■ Available data
____________
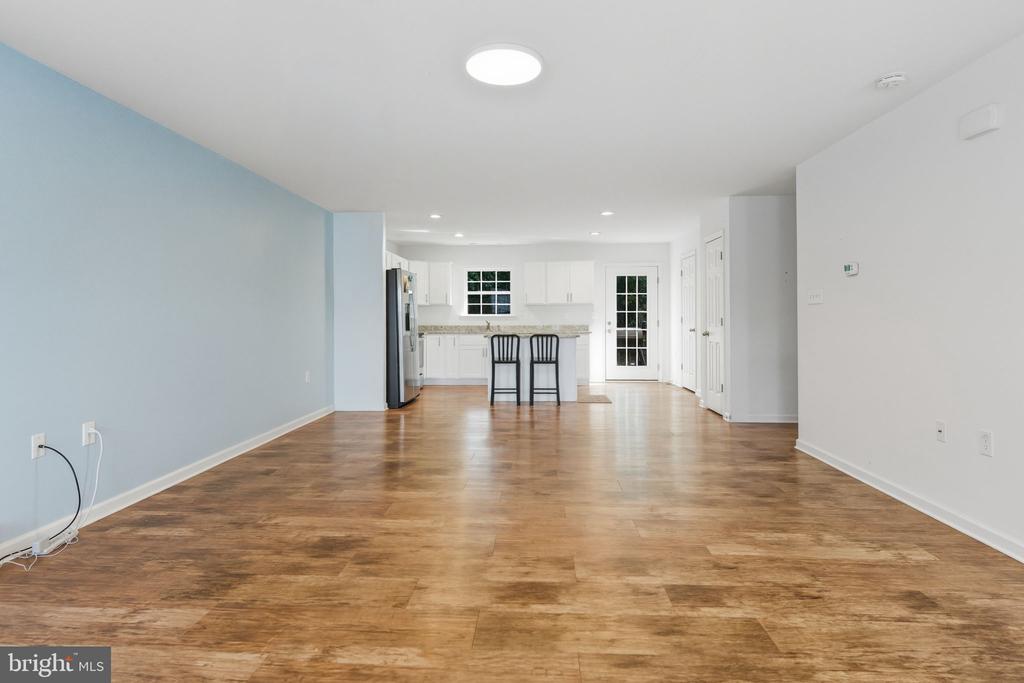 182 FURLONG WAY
____________
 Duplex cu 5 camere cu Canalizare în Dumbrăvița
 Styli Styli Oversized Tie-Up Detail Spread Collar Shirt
____________
■ Task objective
Only the lines above from the one with "Duplex cu 5" through the one with "Styli Styli Oversized" should be duplicated, character for character.

■ Task answer
 Duplex cu 5 camere cu Canalizare în Dumbrăvița
 Styli Styli Oversized Tie-Up Detail Spread Collar Shirt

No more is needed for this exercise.